Ich gehe in Gedanken von Zimmer zu Zimmer – und auf einmal steigt Freude in mir auf. Denn ich erkenne: Es ist sauber. Keine vermüllten Ecken, keine dunklen Kammern, in denen ein Geheimnis darauf wartet, nicht entdeckt zu werden.


Diese Freude gründet nicht auf der Einbildung, ich hätte das alles aus eigener Kraft geschafft. Sie kommt aus einer tieferen Erkenntnis:


wie sehr sich der Weg mit Jesus lohnt.

Vor vielen Jahren habe ich ihn in mein Leben eingelassen. Nach und nach habe ich ihm Tür um Tür geöffnet, bis es nichts mehr gab, was ich vor ihm – oder vor den Menschen – hätte verbergen müssen.


Mit ihm kam das Licht in meine Seele. Mit ihm zog Reinheit in mich ein. Dafür bin ich unendlich dankbar.
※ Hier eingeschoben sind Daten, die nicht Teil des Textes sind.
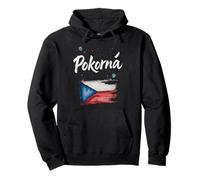 Pokorna Czech Flag Czechs Name Pullover Hoodie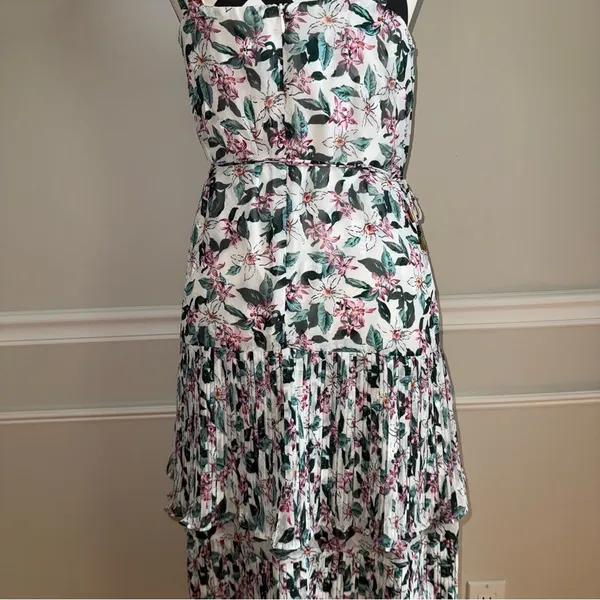 ELLIATT‎ Revolve Vedado Floral Pleated Tiered Midi Dress size Small - Image 7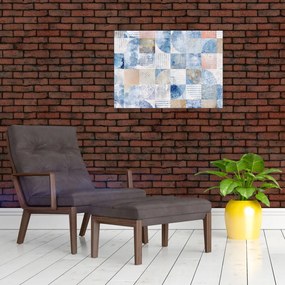 Obraz - Geometryczne kształty na ścianie (70x50 cm)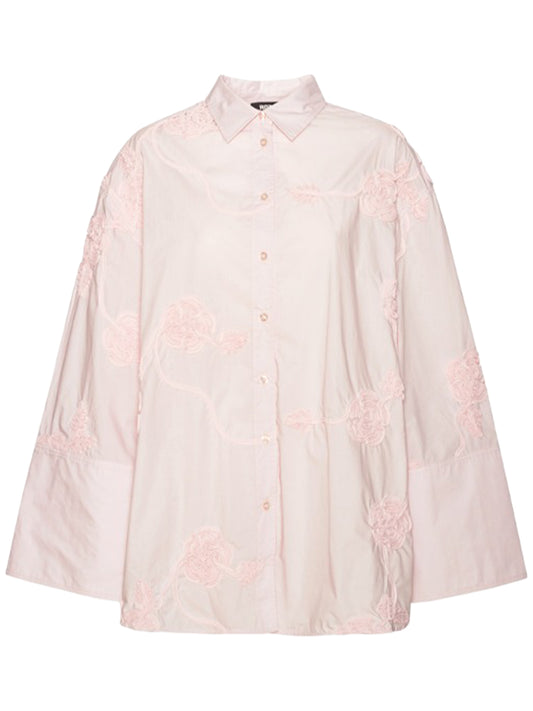 ROTATE-FLOWER OVERSIZED SHIRT-1151031809 1809 ORCHID ICE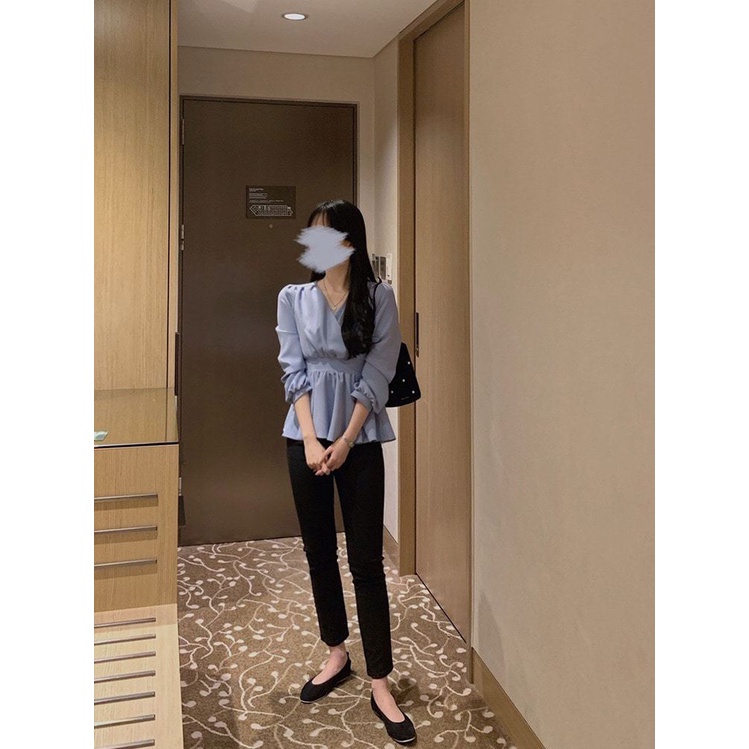 Áo Sơ Mi Chiffon Tay Dài Cổ Chữ V Thời Trang Mùa Xuân 2023 Mới Cho Nữ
Ich weiß noch, wie ich früher war. Wie chaotisch meine innere Wohnung ausgesehen hat. Es gab Räume, die ich verbergen musste und andere, die ich nur äußerst ungern betreten habe. Ohne Jesus wäre sie auch heute noch so – vielleicht sogar noch mehr als damals.


Ich weiß genau, wozu ich fähig bin, wenn ich ohne ihn lebe.

Nicht aus Überheblichkeit, sondern aus Zuneigung heraus trage ich einen Wunsch in mir.


Für die Bekannten, die mir manchmal von ihren Süchten, ihren Abhängigkeiten, ihren dunklen Geheimnissen erzählen: dass sie erleben dürfen, wie befreiend, wie schön es ist, wenn Jesus einzieht.


Und für die befreundeten Christen, die es noch nicht gewagt haben, gemeinsam mit ihm aufzuräumen: dass sie die Freiheit spüren, die er schenkt. Ich weiß, dass manche Dinge ein zu schweres Gewicht haben, als dass man sie alleine heben und ausräumen könnte. Aber mit seiner Kraft ist es möglich.


Wo es dunkel war, wird es hell. Wo der Geruch der Sucht die Räume schwer und stickig gemacht hat, strömt frische Luft herein – und man kann endlich wieder aufatmen.

Ich stelle nachdenkend fest: Ich fühle mich wohl in meiner inneren Wohnung. Sie gefällt mir sogar.


Das liegt nicht an mir.

Es liegt daran, dass ich sie mit dem teile, der die Schönheit in Person ist.


Ich wünsche dir, dass auch du erlebst, wie schön es ist, mit Jesus zusammen zu wohnen.